In historic masonry structures, the mortar is weaker and therefore the first element to give. This is intentional so that the bricks don’t break, the mortar does. Between 1873 and the 1930s, brick and mortar actually became stronger. Interestingly for Troy, we had a fire in 1862 that destroyed hundreds of buildings in the city. Much of the cities brick structures that are still around were built between 1880-1920. This leaves us masons in a tough spot to find the right historical mixture of lime, Portland and sand to respect the age and strength of the brick and mortar of that time. We have been using a mix prescribed by the Troy Architectural Program: 1 part Portland cement, 3 parts hydrated lime and 6 parts sand.
Here are some before and after pictures of an 1890 brick structure on 9th Street in Troy. This historical mix is intentionally weaker than regular type n- and type s-mortars you find at the big box stores. It is intentionally weaker because the original mortar is not as strong.
The National Parks Service of the U.S. Government tells the history of mortar and Portland cement as:
“Historical Background Mortar consisting primarily of lime and sand has been used as an integral part of masonry structures for thousands of years. Up until about the mid-19th century, lime or quicklime (sometimes called lump lime) was delivered to construction sites, where it had to be slaked, or combined with water. Mixing with water caused it to boil and resulted in a wet lime putty that was left to mature in a pit or wooden box for several weeks, up to a year. Traditional mortar was made from lime putty, or slaked lime, combined with local sand, generally in a ratio of 1 part lime putty to 3 parts sand by volume. Often other ingredients, such as crushed marine shells (another source of lime), brick dust, clay, natural cements, pigments, and even animal hair were also added to mortar, but the basic formulation for lime putty and sand mortar remained unchanged for centuries until the advent of portland cement or its forerunner, Roman cement, a natural, hydraulic cement.
Portland cement was patented in Great Britain in 1824. It was named after the stone from Portland in Dorset which it resembled when hard. This is a fast-curing, hydraulic cement which hardens under water. Portland cement was first manufactured in the United States in 1872, although it was imported before this date. But it was not in common use throughout the country until the early 20th century. Up until the turn of the century portland cement was considered primarily an additive, or "minor ingredient" to help accelerate mortar set time. By the 1930s, however, most masons used a mix of equal parts portland cement and lime putty.

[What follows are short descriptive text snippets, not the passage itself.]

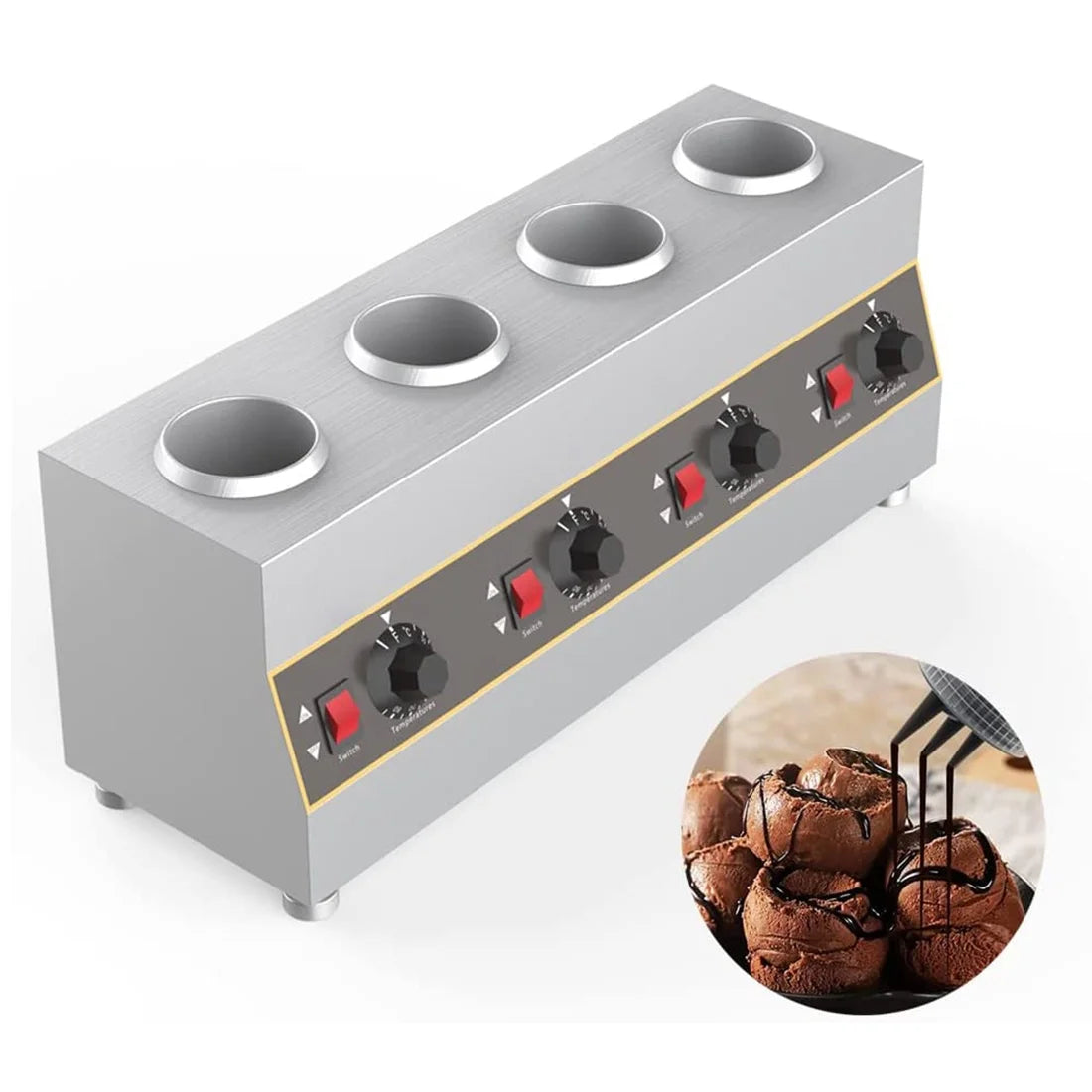 4 Pots Electric Sauce Warmer Stainless Steel J683151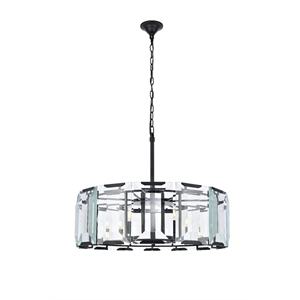 Elegant Lighting Monaco 30&quot 8 Light Glass Crystal Pendant Lamp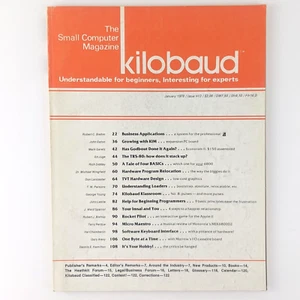 Kilobaud Magazine, January 1978 - Vintage Computing, BASIC, TRS-80, Reviews - Picture 1 of 11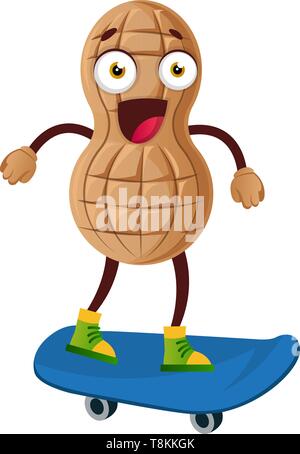 Peanut riding skateboard, illustration, vector on white background. Stock Vector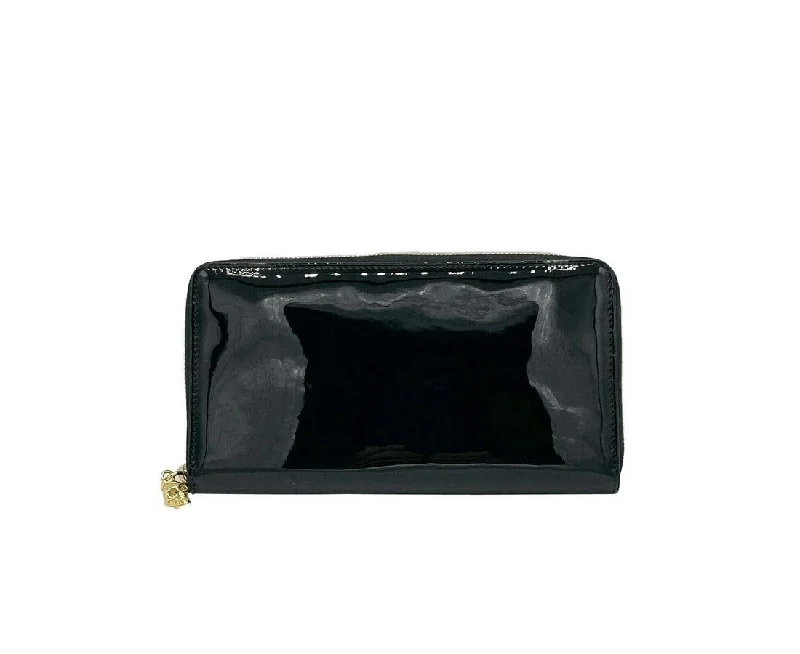 Keychains for town adventures-Alexander McQueen Women's  Patent Leather Skull Zip Around Wallet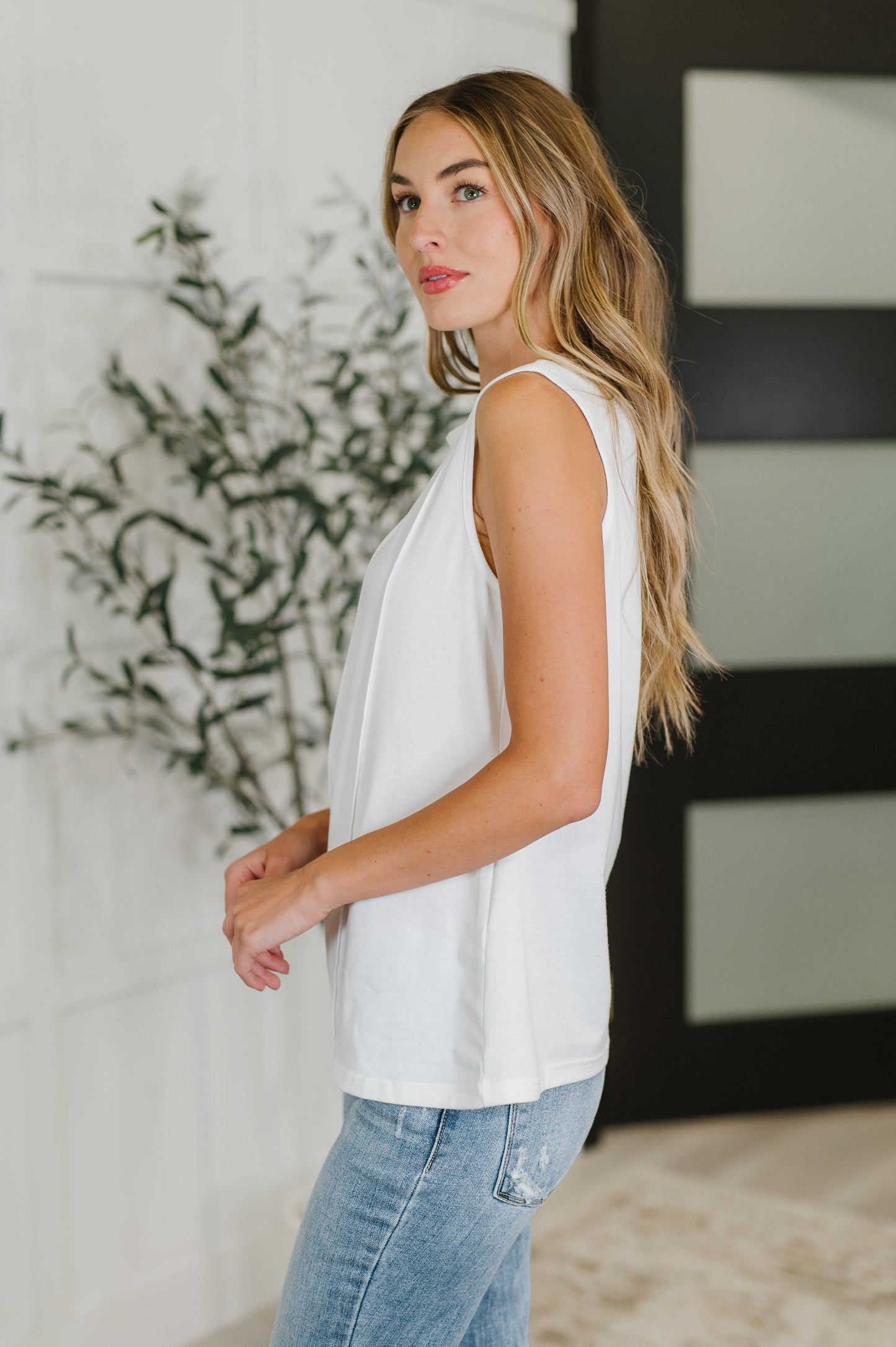 Hazel Blues® | New Normal Pleat Detail Sleeveless Top in White
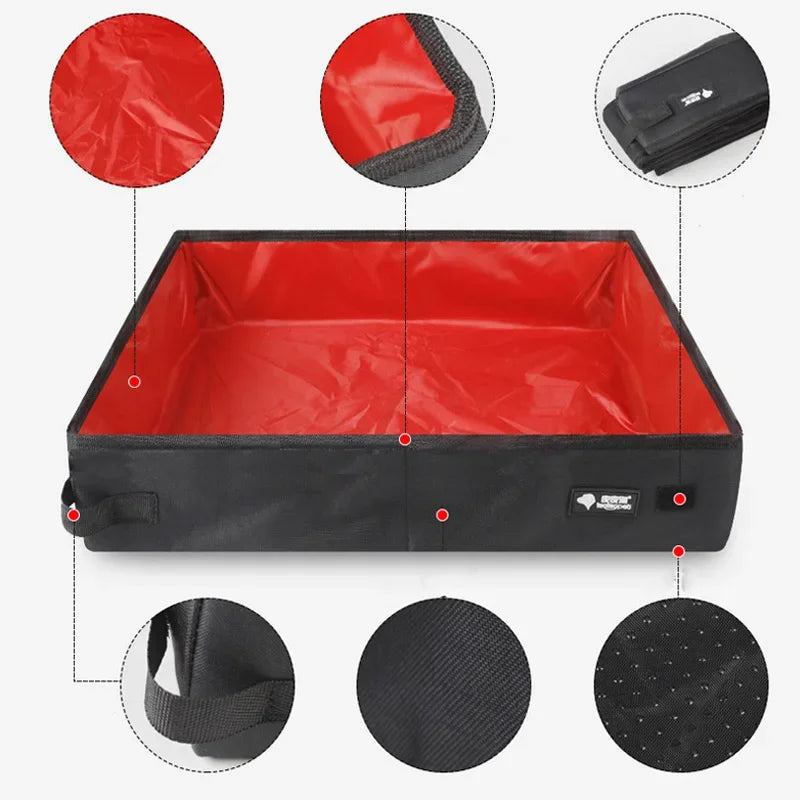 Portable Foldable Pet Litter Box – Waterproof Travel Cat Toilet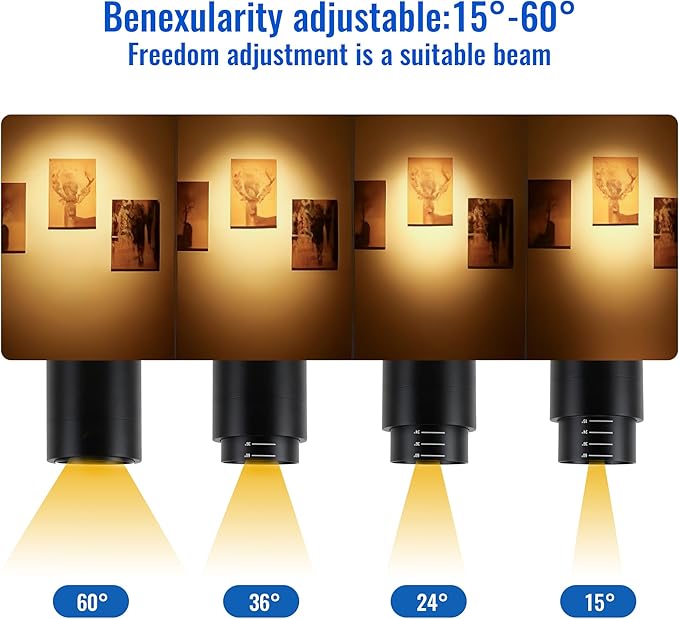 5CCT LED Track Lighting Heads Dimmable 20W 5CCT 2700K/3000k/3500k/4000k/5000k,Versatile H Track Lighting Heads,Zoomable Beam 15° to 60° Ideal for Accent Art and Task Lighting, (Black, 4 Pack)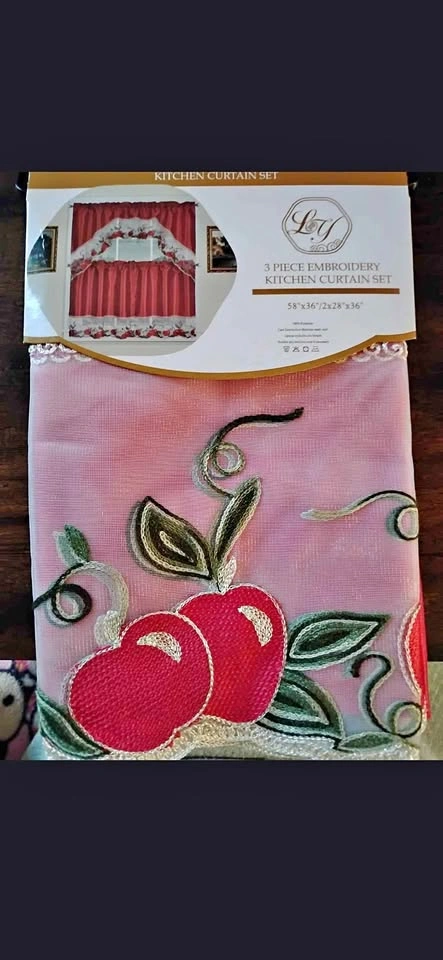 L&Y Apple Embroidery 3pc Kitchen Curtain Set
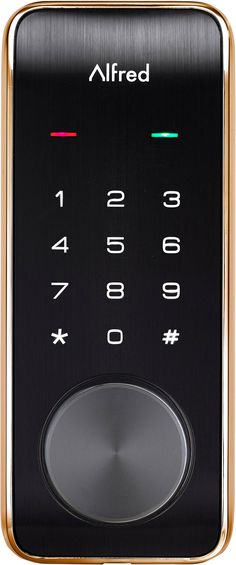 an allred smart keypad is shown in gold and black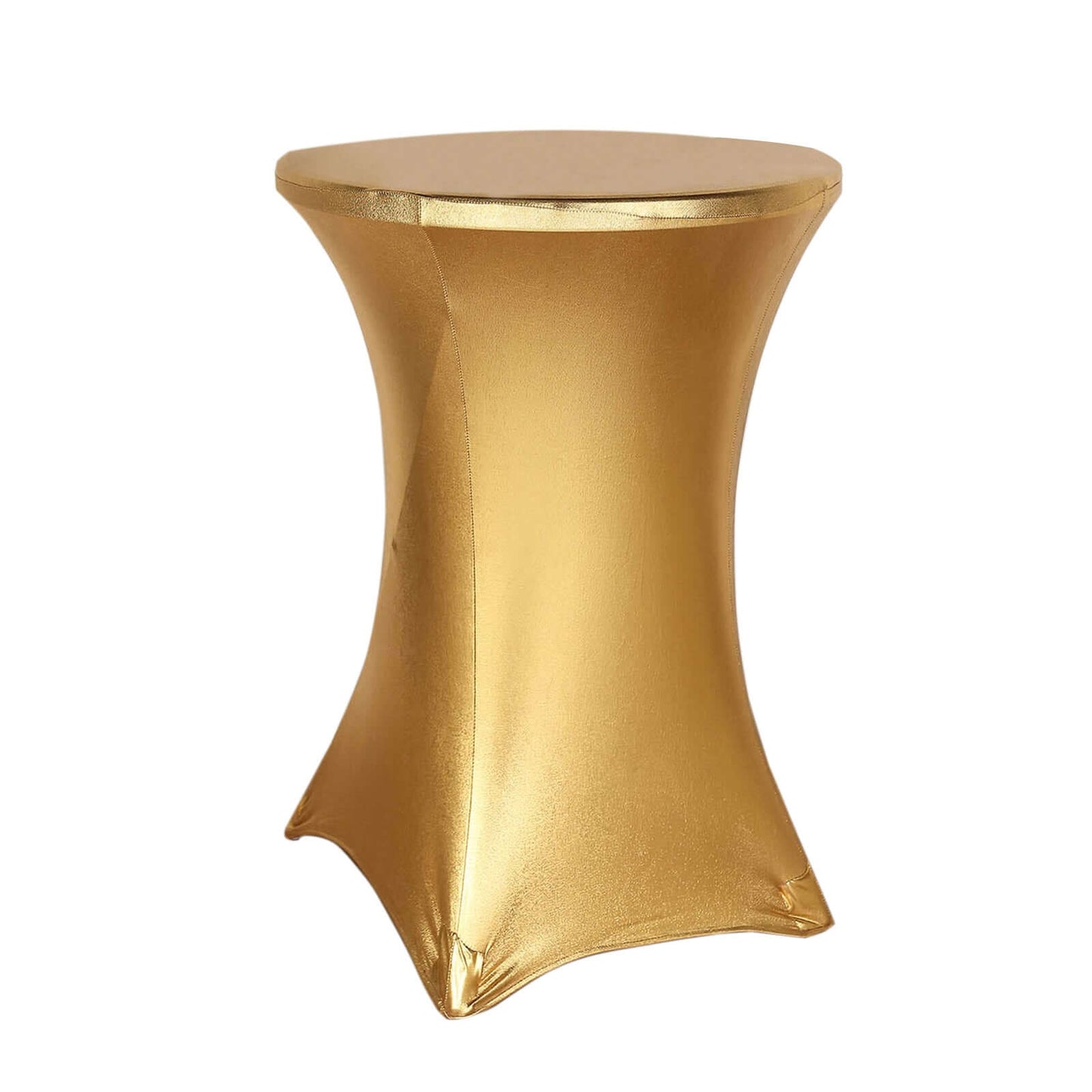 Metallic Spandex 30" Fitted Round Cocktail Table Cover Gold Highboy Tablecloth - Stretch Fit & Water-Resistant for Stylish Decor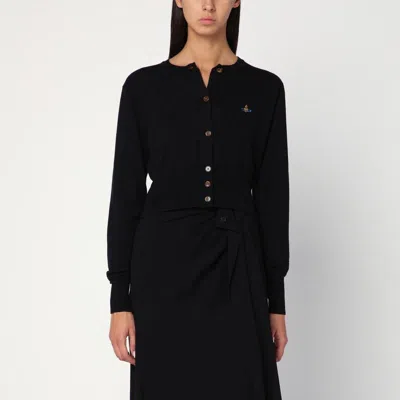 Vivienne Westwood Bea Silk Blend Cropped Cardigan In Black
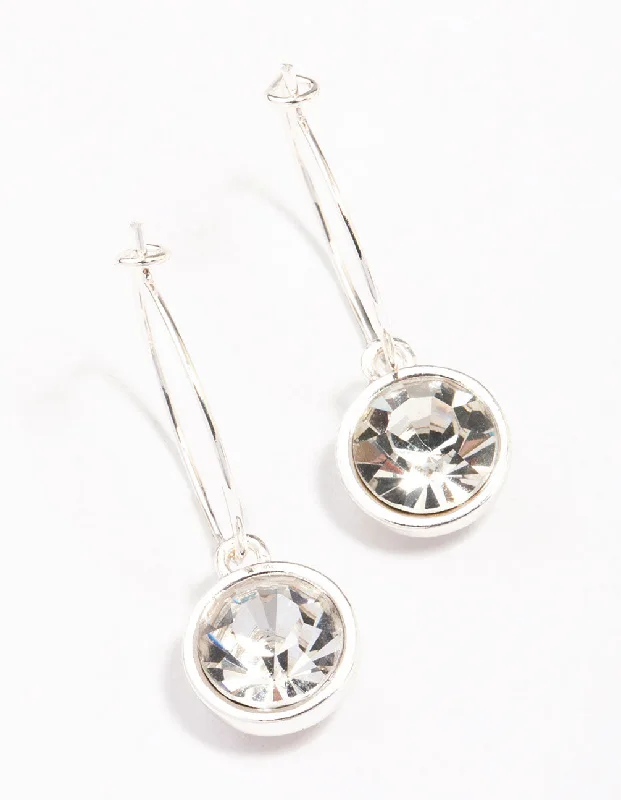 Natural Stone Earrings-Silver Circle Encased Diamante Hoop Earrings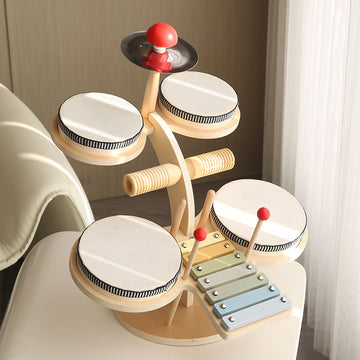 Children'S Montessori Early Education Wooden Multifunctional Drum Stand
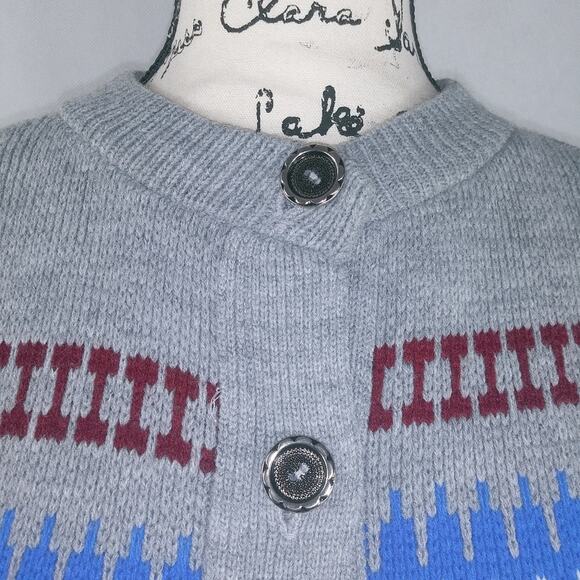 College Point Grey Fair Isle Button Up Sweater Cardigan Preppy Grandpacore - Picture 6 of 7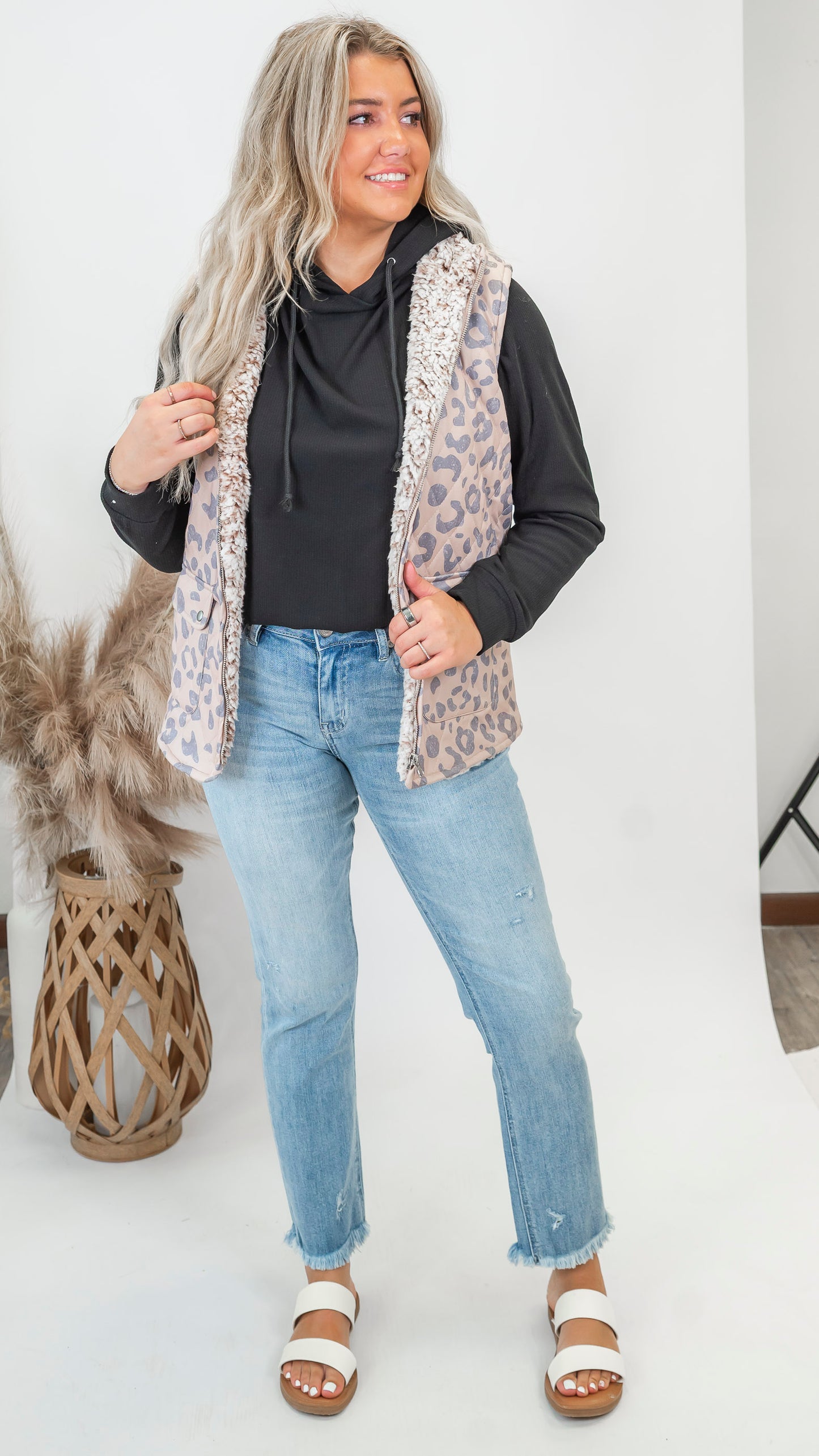 Leopard Fleece Vest | Salty Wave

Thus, the mortar found in masonry structures built between 1873 and 1930 can range from pure lime and sand mixes to a wide variety of lime, portland cement, and sand combinations.
In the 1930s more new mortar products intended to hasten and simplify masons' work were introduced in the U.S. These included masonry cement, a premixed, bagged mortar which is a combination of portland cement and ground limestone, and hydrated lime, machine-slaked lime that eliminated the necessity of slaking quicklime into putty at the site.”